Project Work Breakdown Structure Step 3. Break down supporting deliverables as necessary to reach individual team member assignments. We continue to break down the sub-deliverables into their components until we reach assignments that we can assign to an individual. Typically, project task assignments should have a duration of between three and ten days. New employees or trainees will be given assignments at the low end of that range. Experienced professionals or experts will be given assignments at the high-end of that range. But every assignment should have a metric or other measure of the acceptability of the deliverable. The reason this is so important is that team members need to know what is expected of them before they start work.
Project Work Breakdown Structure Step 4. In addition to the hierarchy of deliverables, the project work breakdown structure can also contain milestones. These are fixed dates by which certain components of the project have to be completed. You should not use milestones to set your target completion dates because the scheduling software will calculate those. We use milestones to indicate external dates that are legally mandated or required by government regulation.

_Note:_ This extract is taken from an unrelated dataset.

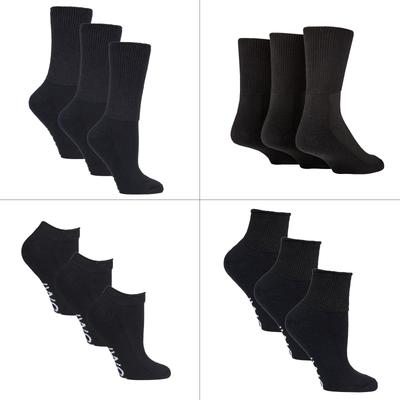 12 Paar Pack Diabetiker Socken ganzjährig Bundle Set | IOMI | Extra breite Socken für geschwollene Knöchel, Beine & Füße | Crew Ankle Trainer Diabetiker Socken in Baumwolle & Bambus - Schwarz Image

Project Work Breakdown Structure Step 5. The final step in building a professional-grade project work breakdown structure is to develop the assignment work packages. Usually the project manager will work with the individual who is going to produce the deliverable to finalize the details of the assignment. The work package contains information about the deliverable and its associated metric. It also has information about the approach the team member will take to produce the deliverable as well as procedural and documentation standards that must be met as the deliverable is produced. Last of all, we use the work package to document the team member’s work estimate. The best practice estimating technique is three-point estimating which provides a team member the opportunity to reflect the risk of the task in the estimate. Once the estimate is complete, it is the contract between the project manager and team member. It specifies what is going to be produced, how long it should take and how much it should cost. As you can see the creation of the project work breakdown structure accomplishes a number of critically important things for the project. Specifically the entries in our project work breakdown structure are:
1. The assignments for each of our team members which specify exactly what they’re supposed deliver
2. The bench marks we will use to measure and report on progress
3. The basis for our estimates of duration and cost. Accuracy in those estimates is another reason why we have to be crystal clear about what is expected.